In our Sunday morning sermon series, No Matter What, we are looking at women in the Bible and how they demonstrated remarkable faith in the face of insurmountable odds. The Greek, Roman, and Jewish culture saw women as inferior beings. They were property. They were a commodity used to keep homes in order and to produce children. Their place in the social strata was that just above slaves but far below that of their male counterparts. Aristotle, the famous Greek philosopher said this of women (it is sums up the patriarchal culture of his time): "The relation of male to female is by nature a relation of superior to inferior and ruler to ruled."

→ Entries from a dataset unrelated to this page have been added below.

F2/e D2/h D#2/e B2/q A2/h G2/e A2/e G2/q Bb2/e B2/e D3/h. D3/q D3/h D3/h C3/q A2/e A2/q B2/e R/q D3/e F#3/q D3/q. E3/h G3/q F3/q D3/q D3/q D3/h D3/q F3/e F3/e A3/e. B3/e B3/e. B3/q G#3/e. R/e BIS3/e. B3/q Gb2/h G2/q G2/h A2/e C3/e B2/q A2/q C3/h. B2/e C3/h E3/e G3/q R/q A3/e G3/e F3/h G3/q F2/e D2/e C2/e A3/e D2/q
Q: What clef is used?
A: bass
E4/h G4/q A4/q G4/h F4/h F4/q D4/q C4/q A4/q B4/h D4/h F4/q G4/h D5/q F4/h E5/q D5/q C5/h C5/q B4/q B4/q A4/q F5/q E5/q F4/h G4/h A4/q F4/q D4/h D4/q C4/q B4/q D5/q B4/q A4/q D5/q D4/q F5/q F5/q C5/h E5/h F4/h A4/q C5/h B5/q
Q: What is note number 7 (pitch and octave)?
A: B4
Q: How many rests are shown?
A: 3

Jesus opened a new door for women. He welcomed them to sit at his feet and learn. He welcomed them as followers. Jesus took the time to stop, listen, heal, and elevate women as equal partners in faith and co-heirs to God’s promise of salvation. I’ve been shocked when it was pointed out to me in Scripture that it was a woman who was first at the manger. It was a woman who was witness to Jesus’s first miracle. It was women who were first at the cross (except for John). And it was women who were the first witnesses of Jesus’s resurrection. In fact, women were the first heralds of the Gospel message declaring Jesus to be alive! Paul, in his practice, picks up where Jesus left off. Lydia is a strong leader in the church which met in her home in Philippi after Paul evangelized her. His list of women as partners in ministry in Romans 16 is just as long as the list of men. Paul identifies Priscilla (and her husband Aquila) as lead teachers and partners in the faith. Paul entrusts his doctrinally heavy letter to the Roman churches to Phoebe.

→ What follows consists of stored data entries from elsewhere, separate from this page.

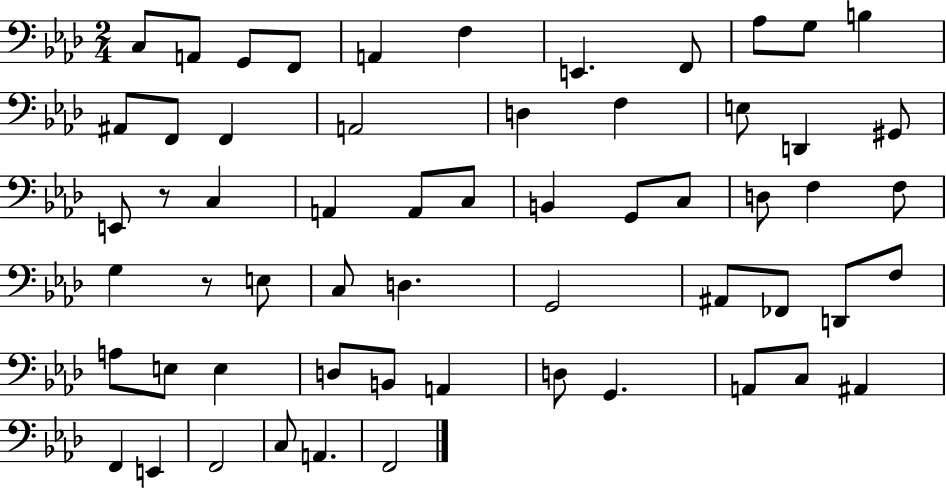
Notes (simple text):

C3/e A2/e G2/e F2/e A2/q F3/q E2/q. F2/e Ab3/e G3/e B3/q A#2/e F2/e F2/q A2/h D3/q F3/q E3/e D2/q G#2/e E2/e R/e C3/q A2/q A2/e C3/e B2/q G2/e C3/e D3/e F3/q F3/e G3/q R/e E3/e C3/e D3/q. G2/h A#2/e FES2/e D2/e F3/e A3/e E3/e E3/q D3/e B2/e A2/q D3/e G2/q. A2/e C3/e A#2/q F2/q E2/q F2/h C3/e A2/q. F2/h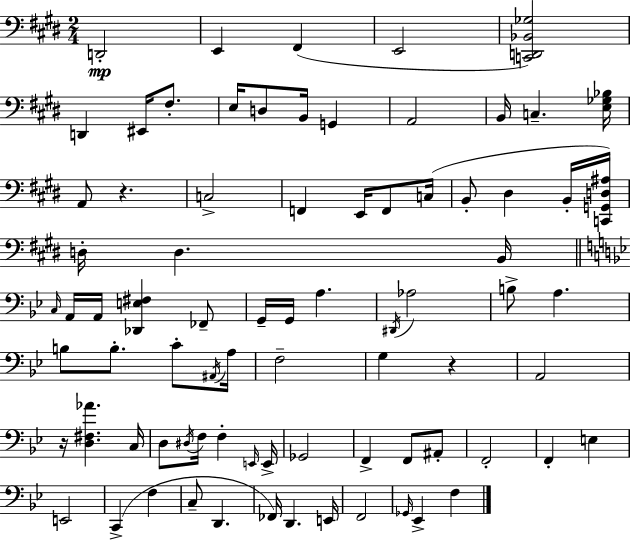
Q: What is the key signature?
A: E major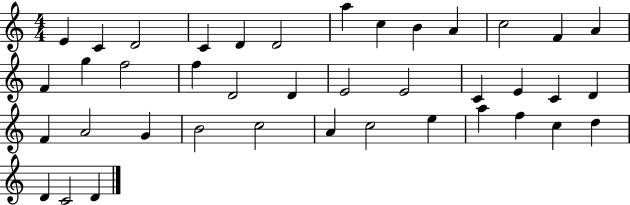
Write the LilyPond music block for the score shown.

{
  \clef treble
  \numericTimeSignature
  \time 4/4
  \key c \major
  e'4 c'4 d'2 | c'4 d'4 d'2 | a''4 c''4 b'4 a'4 | c''2 f'4 a'4 | \break f'4 g''4 f''2 | f''4 d'2 d'4 | e'2 e'2 | c'4 e'4 c'4 d'4 | \break f'4 a'2 g'4 | b'2 c''2 | a'4 c''2 e''4 | a''4 f''4 c''4 d''4 | \break d'4 c'2 d'4 | \bar "|."
}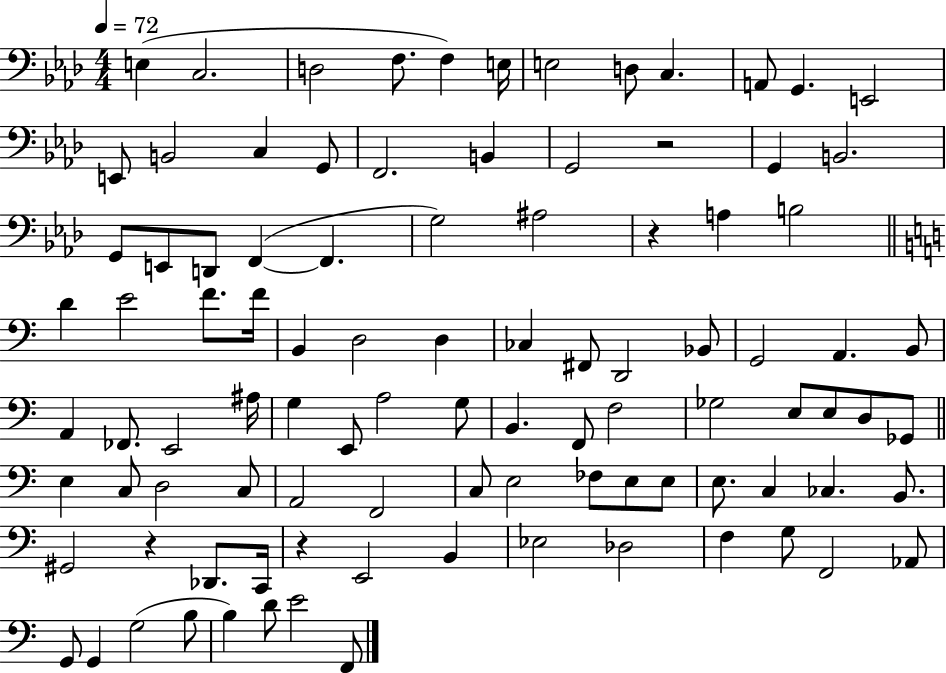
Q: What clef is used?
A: bass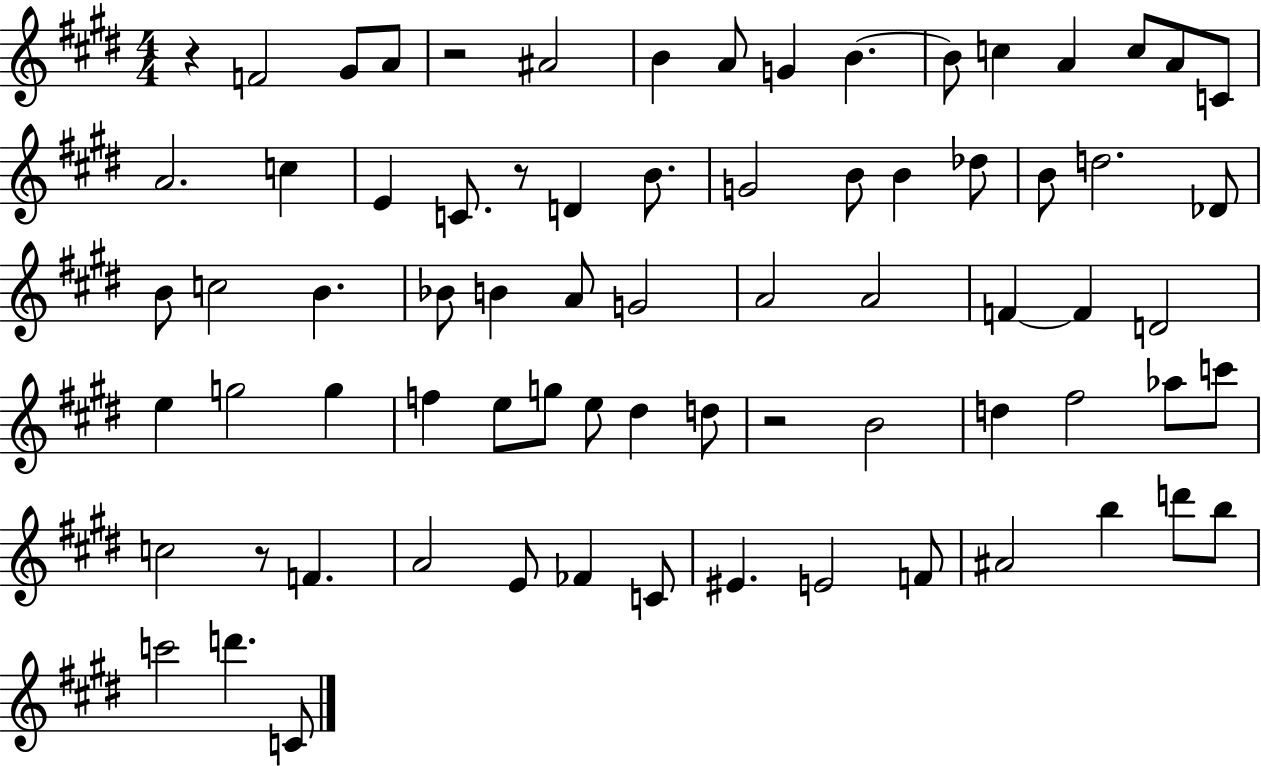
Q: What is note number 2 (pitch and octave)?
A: G#4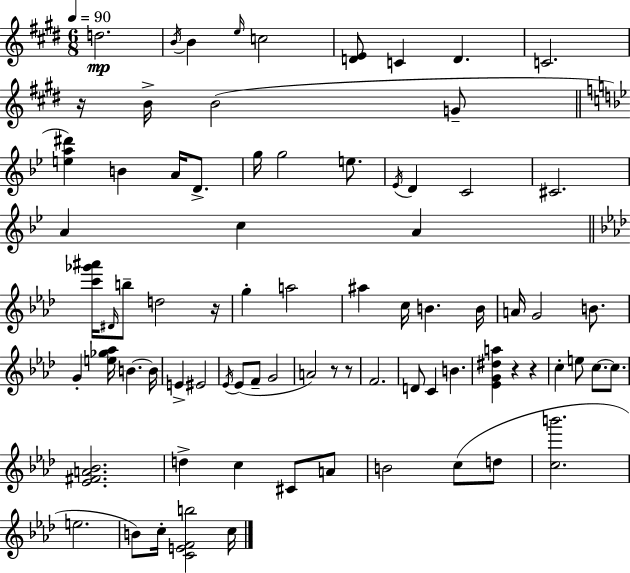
D5/h. B4/s B4/q E5/s C5/h [D4,E4]/e C4/q D4/q. C4/h. R/s B4/s B4/h G4/e [E5,A5,D#6]/q B4/q A4/s D4/e. G5/s G5/h E5/e. Eb4/s D4/q C4/h C#4/h. A4/q C5/q A4/q [C6,Gb6,A#6]/s D#4/s B5/e D5/h R/s G5/q A5/h A#5/q C5/s B4/q. B4/s A4/s G4/h B4/e. G4/q [E5,Gb5,Ab5]/s B4/q. B4/s E4/q EIS4/h Eb4/s Eb4/e F4/e G4/h A4/h R/e R/e F4/h. D4/e C4/q B4/q. [Eb4,G4,D#5,A5]/q R/q R/q C5/q E5/e C5/e. C5/e. [Eb4,F#4,A4,Bb4]/h. D5/q C5/q C#4/e A4/e B4/h C5/e D5/e [C5,B6]/h. E5/h. B4/e C5/s [C4,E4,F4,B5]/h C5/s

I commend to you our sister Phoebe, a deacon of the church in Cenchreae. 2 I ask you to receive her in the Lord in a way worthy of his people and to give her any help she may need from you, for she has been the benefactor of many people, including me. -Romans 16:1-2
Because of Jesus’s and Paul’s view of women (and therefore the Church’s view) women flocked to the Church in the first two centuries AD. They were leading the charge in the caring of the poor and meeting other community needs. The church exploded in the Roman world because women were willing to step into the gap and lead the charge for the cause of Christ.

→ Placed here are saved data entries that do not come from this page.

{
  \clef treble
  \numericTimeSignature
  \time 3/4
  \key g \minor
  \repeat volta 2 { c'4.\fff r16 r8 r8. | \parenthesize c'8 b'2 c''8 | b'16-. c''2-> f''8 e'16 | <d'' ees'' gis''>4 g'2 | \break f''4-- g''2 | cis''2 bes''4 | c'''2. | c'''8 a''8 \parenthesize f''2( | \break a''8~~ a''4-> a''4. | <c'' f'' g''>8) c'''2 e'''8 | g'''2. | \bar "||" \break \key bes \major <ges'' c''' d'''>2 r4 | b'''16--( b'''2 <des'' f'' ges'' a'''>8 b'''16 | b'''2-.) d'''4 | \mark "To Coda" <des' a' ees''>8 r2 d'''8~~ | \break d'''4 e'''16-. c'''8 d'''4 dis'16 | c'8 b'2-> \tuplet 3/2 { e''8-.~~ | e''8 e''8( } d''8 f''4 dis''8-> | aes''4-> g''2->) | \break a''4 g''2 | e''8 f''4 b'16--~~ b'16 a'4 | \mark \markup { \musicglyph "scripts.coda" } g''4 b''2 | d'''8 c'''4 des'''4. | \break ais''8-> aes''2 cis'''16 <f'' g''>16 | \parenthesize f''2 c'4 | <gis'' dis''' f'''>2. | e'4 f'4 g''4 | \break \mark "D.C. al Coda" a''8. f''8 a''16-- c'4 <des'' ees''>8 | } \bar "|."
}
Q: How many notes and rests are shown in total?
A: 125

We should vigorously be serving God and the cause of Jesus Christ in word and action. God’s Word is living and active. Every follower of Jesus (women and men, young and old) has been invited to step into the work of calling others to full life in Jesus. No matter who you are or how long you’ve known Jesus, God is inviting you and me into his work. What is the Holy Spirit laying on your heart to do? Have you asked him? Will you ask Him regularly? There is much more that God wants to do in you and through you than you know or imagine. We must do the hard work of identifying what is holding us back from obediently saying, “Yes, Lord. No matter what.”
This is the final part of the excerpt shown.